Due clamorosi esempi di allegra gestione effettuate dal CIPE negli anni
ottanta sono senz’altro le due Delibere: del 6 febbraio 1886
(Gazzetta Ufficiale n. 71 del 26.03.1986) e del 12 maggio 1988 (Gazzetta
Ufficiale n. 144 del 21.06.1988). Con le quali furono stanziati dei fondi
destinati allo sviluppo: Fondi F.I.O. (Fondi Investimento Occupazione), per
circa 11.000 miliardi di lire (di cui 500 miliardi per la Regione
Basilicata) che non produssero un solo posto duraturo di lavoro.
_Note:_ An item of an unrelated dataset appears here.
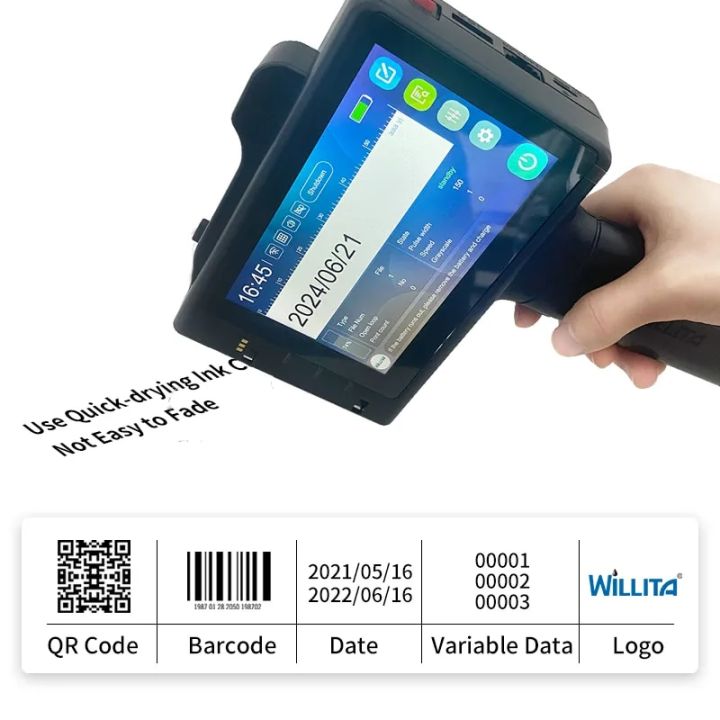 Willita One Inch Handheld Inkjet Printer Production Expire Date Batch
Esaminando le suddette delibere, si ha la dimostrazione di come si inventa
l’emergenza: si approvano interventi multimiliardari senza uno
straccio di progetto, e si stabilisce l’avvio dei lavori entro 120
giorni, pena la revoca del finanziamento. In tal modo scatta
l’urgenza, e la “necessità” di ricorrere alla
“procedura dell’Appalto concorso”, disciplinata
dall’art. 24 - primo comma - lettera b), della legge 584/77; con il
metodo dell’offerta “economicamente più
vantaggiosa”.
E’ una norma che prevede l’aggiudicazione della gara sulla base
di una ”serie di elementi di valutazione”, tra cui il minor
prezzo, unico elemento oggettivo, che però conta poco (o niente) a
confronto degli altri elementi: tutti fantasiosi, pretestuosi e soprattutto
discrezionali. E’una norma che permette di affidare i Lavori a chi
chiede il prezzo più alto. E’ “vantaggiosa”, ma
non per l’Ente pubblico, bensì per l’Impresa
aggiudicataria, che in tal modo riesce a realizzare utili fino
all’80%. Per colmo, non si usa più la contabilità dei
Lavori; che vengono liquidati “a corpo” e non “a
misura”. Così si evita ogni effettiva verifica sulle opere
realmente eseguite.
Si tratta insomma di un diabolico marchingegno normativo che - grazie alla
totale discrezionalità consentita - sottrae di fatto la gara alla
libera concorrenza e la riserva alle poche imprese “del giro”,
facendo lievitare a dismisura il costo delle opere.
E’ una specie di gioco di prestigio – inventato da Tangentopoli
– che trasforma la gara d’appalto in una partita al
“mercante in fiera”, in cui l’opera è solo un
pretesto: una “base” per costruirci l’Operazione
spartitoria.
In questo modo, il “Grande Appalto” di opere pubbliche diventa
una tavola imbandita. Dove c’è posto per tutti, e
l’importo da appaltare viene commisurato non più al reale
costo dell’opera ma al numero e all’appetito dei commensali.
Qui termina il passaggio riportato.